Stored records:
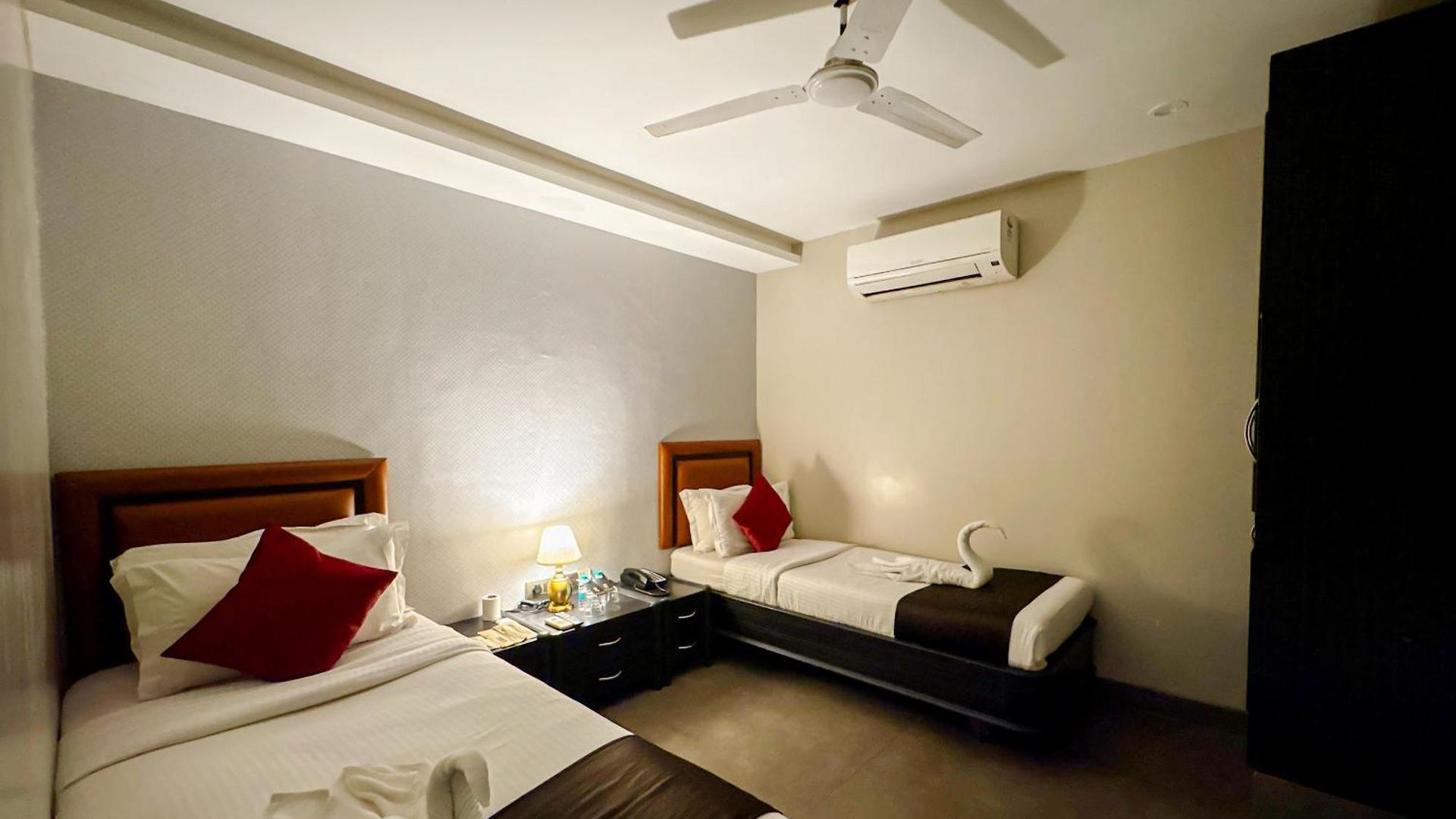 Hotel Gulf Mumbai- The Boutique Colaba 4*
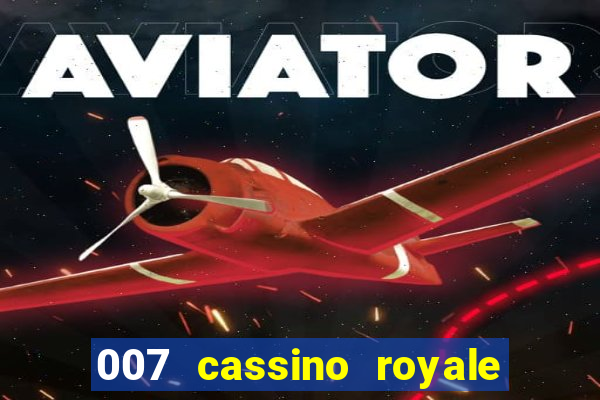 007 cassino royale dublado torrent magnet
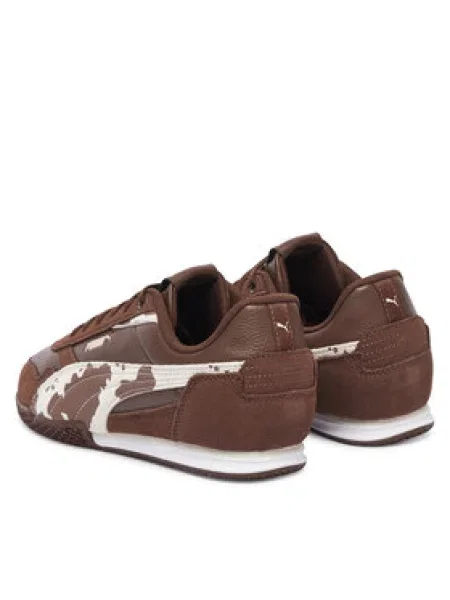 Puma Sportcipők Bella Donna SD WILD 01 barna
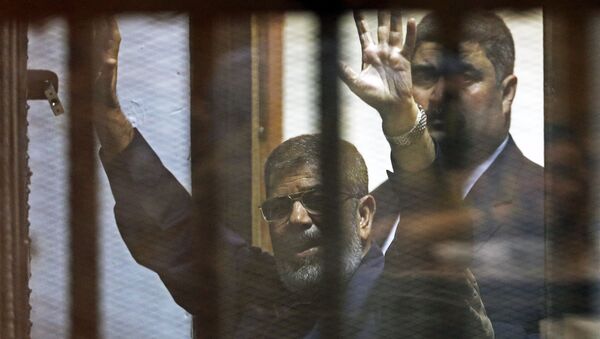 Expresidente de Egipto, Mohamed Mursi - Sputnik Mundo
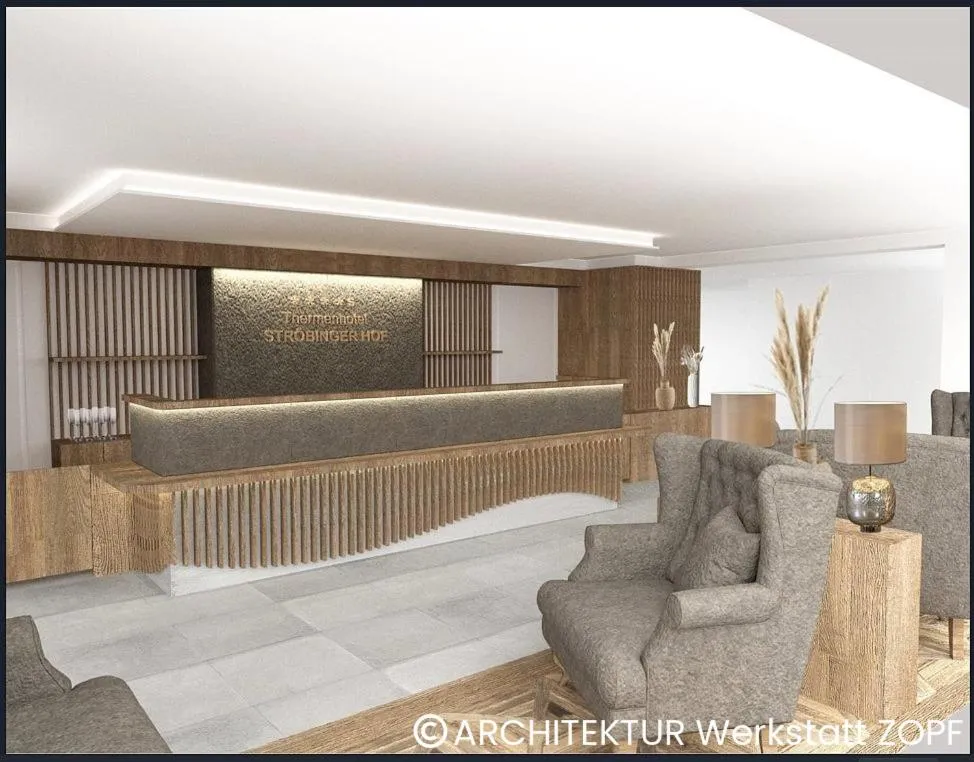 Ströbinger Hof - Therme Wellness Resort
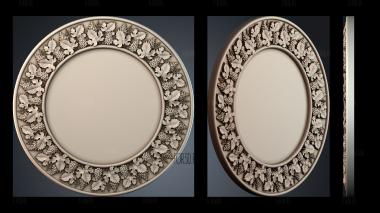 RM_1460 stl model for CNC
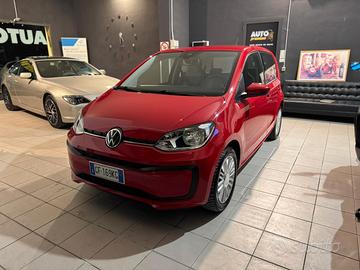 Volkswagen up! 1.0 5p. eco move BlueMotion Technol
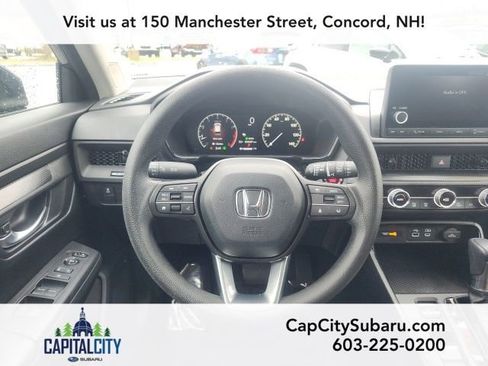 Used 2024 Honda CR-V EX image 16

#### [Aim of the task]
Set down all of the entries precisely and keep the pictures out of the copy.

#### [Reply to the task]
 Hotel Gulf Mumbai- The Boutique Colaba 4*
 007 cassino royale dublado torrent magnet
 Puma Sportcipők Bella Donna SD WILD 01 barna
 Expresidente de Egipto, Mohamed Mursi - Sputnik Mundo
 Ströbinger Hof - Therme Wellness Resort
 RM_1460 stl model for CNC
 Volkswagen up! 1.0 5p. eco move BlueMotion Technol
 Used 2024 Honda CR-V EX image 16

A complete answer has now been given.